Why underestimate viewers by delivering tired cliffhangers?

"Acheron: Part I" starts off with an example of some of these side effects. It's a big action set piece, evoking the famous Raiders of the Lost Ark "Well of Souls" snake scene, but in its own way, it's classic late-stage Walking Dead, in that it's ultimately hollow. It's inside, darkly lit, and hard to follow. Sure, it's interesting to see a bunker full of walkers taking a joint nap (a decade into the zompocalyse means zombies can go into power-saving mode, it appears) but, despite the carnage, the sequence feels tiny and tacked in. It's not altogether random, of course, as the purpose of this mission is to get food to feed the starving remnants of Alexandria and Hilltop, but even starting your final season with everything in desperate shambles -- and major characters actively opting out of dangerous missions because, er, why do anything anymore? -- has a big bummer vibe.
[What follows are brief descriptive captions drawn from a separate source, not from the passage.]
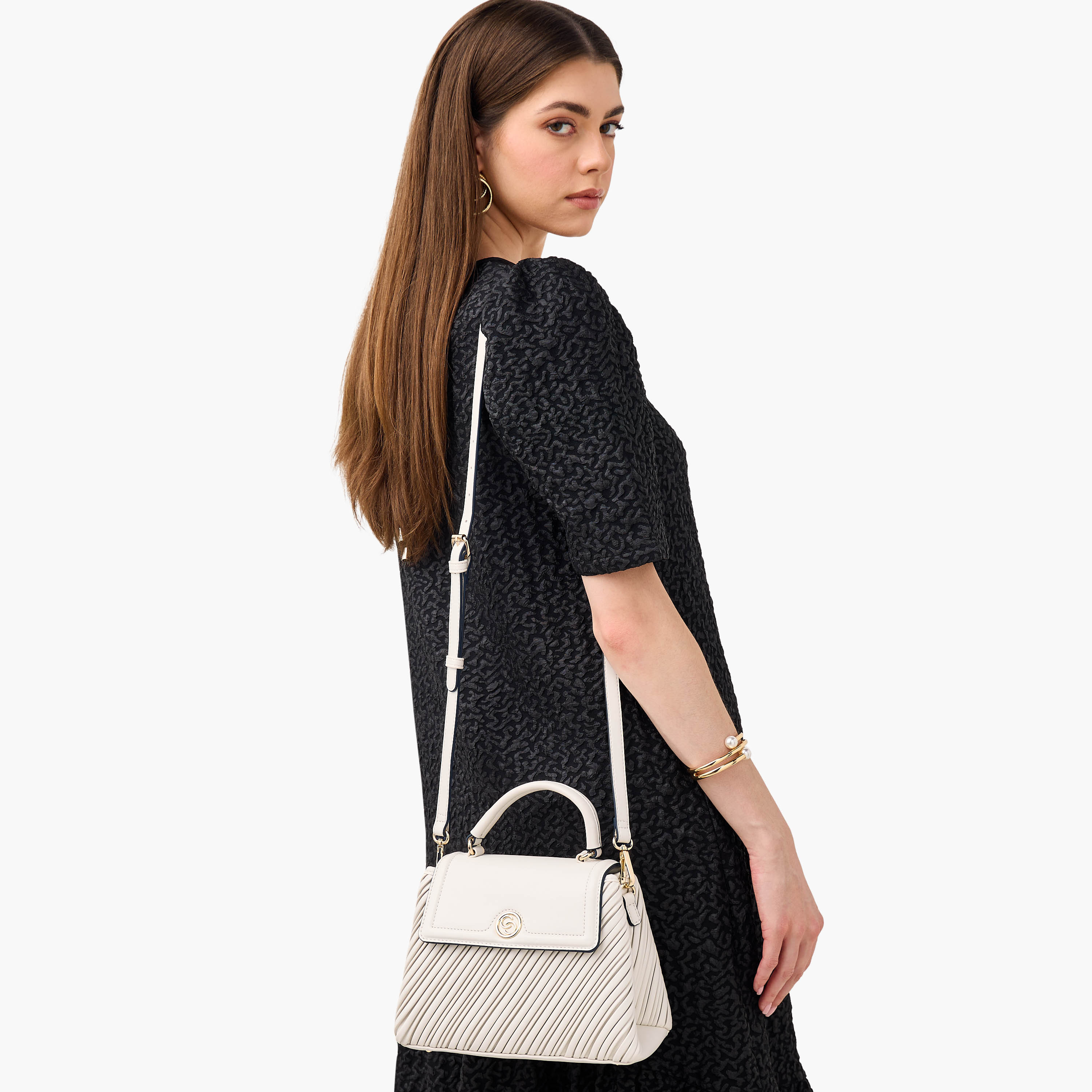 Celeste Pleated Satchel Bag with Grab Handle and Button Closure-women-bagsandwallets-handbags-image-3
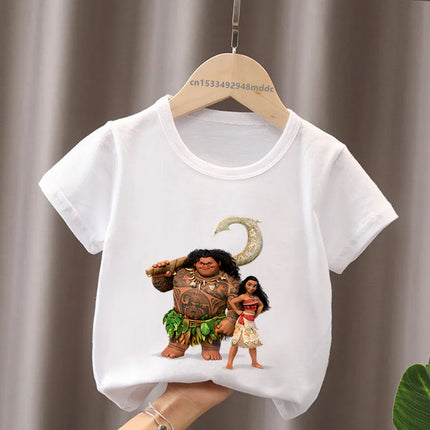 Hot Sale Moana Ocean Romance Princess Print Cute Kids T-Shirts Girls Clothes Baby Boys Short Sleeve T shirt Summer Children Tops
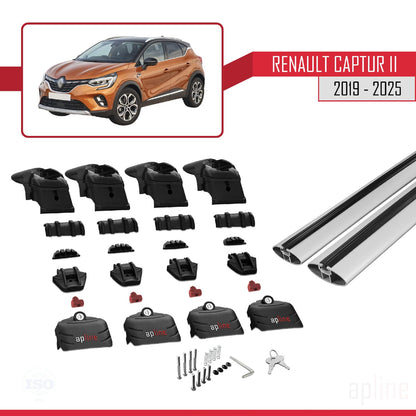 Compatible with Renault Captur 2 2019-2025 ACE-2 Car Roof Rack Cross Bar Grey Aluminium 2 Bars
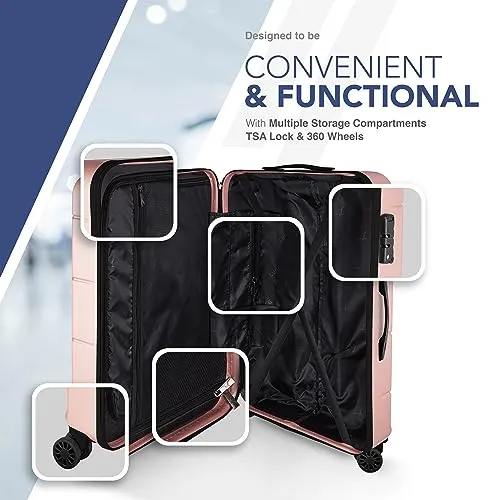 LUGG Travel Suitcase Set, 3 Hard Shell Cabin & Hold Luggage, Airline Approved, Lightweight & Strong, Secure TSA Lock, Internal Storage Pockets, Smooth Turning Wheels, 20" 25" 29" Suitcases (Rose Gold)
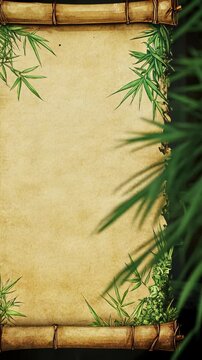 A parchment scroll with bamboo borders sits on a dark background with green foliage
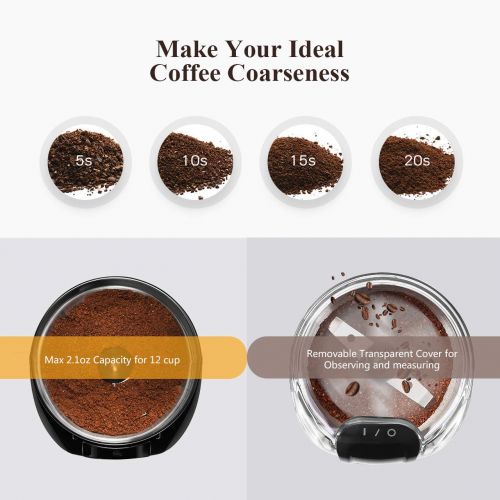  Coffee Grinder Electric,Gevi Stainless Steel Blade Grinder for Coffee Espresso Latte Mochas, Noiseless Operation, Evently Grinding for Coffee Beans Spice Nut Seed Grains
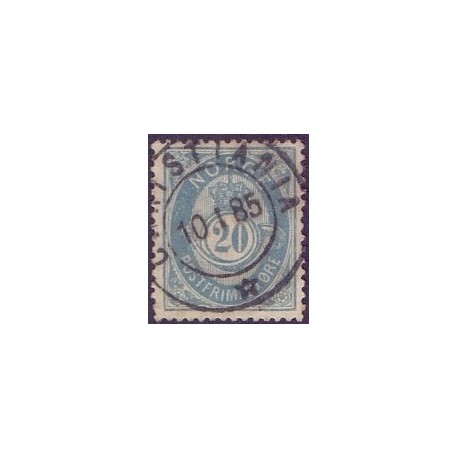 Norge. 1883-84. 20 Øre. med punktum AFA nr. 42 **  Postfrisk ubrugt stemplet st.
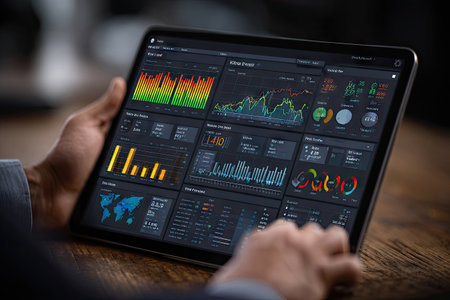 A close-up view presents a person's hands holding a tablet, showcasing various data charts and graphs. The visual features vibrant colors, intricate patterns, and a dark interface. This image suggests analytical activities and could be utilized in commercial projects, presentations, and informative articles.の素材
The B-story here, which is the angle that is actively leading us toward something new, didn't exactly light any fires either. Eugene (Josh McDermitt), Ezekiel (Khary Payton), Princess (Juanita Sanchez), and Yumiko (Eleanor Matsuura) dealt with the Commonwealth's auditors for an exciting round of incessant questioning ("How many bowel movements do you have a day?"). No big or notable moves here. We learned the Commonwealth is hyper anxious, uber secure, and probably abusive and cruel, but we knew that already from season ten's "Splinter." It's a shame that those extra six episodes last season couldn't have positioned the series, story-wise, to have a better premiere. The Commonwealth arc, which is to be the show's final hurrah, is already a trudge. The Negan flashback episode was quite good, but his current drama with Maggie isn't enough nourishment for a show that needs a big kick in the pants for its final act.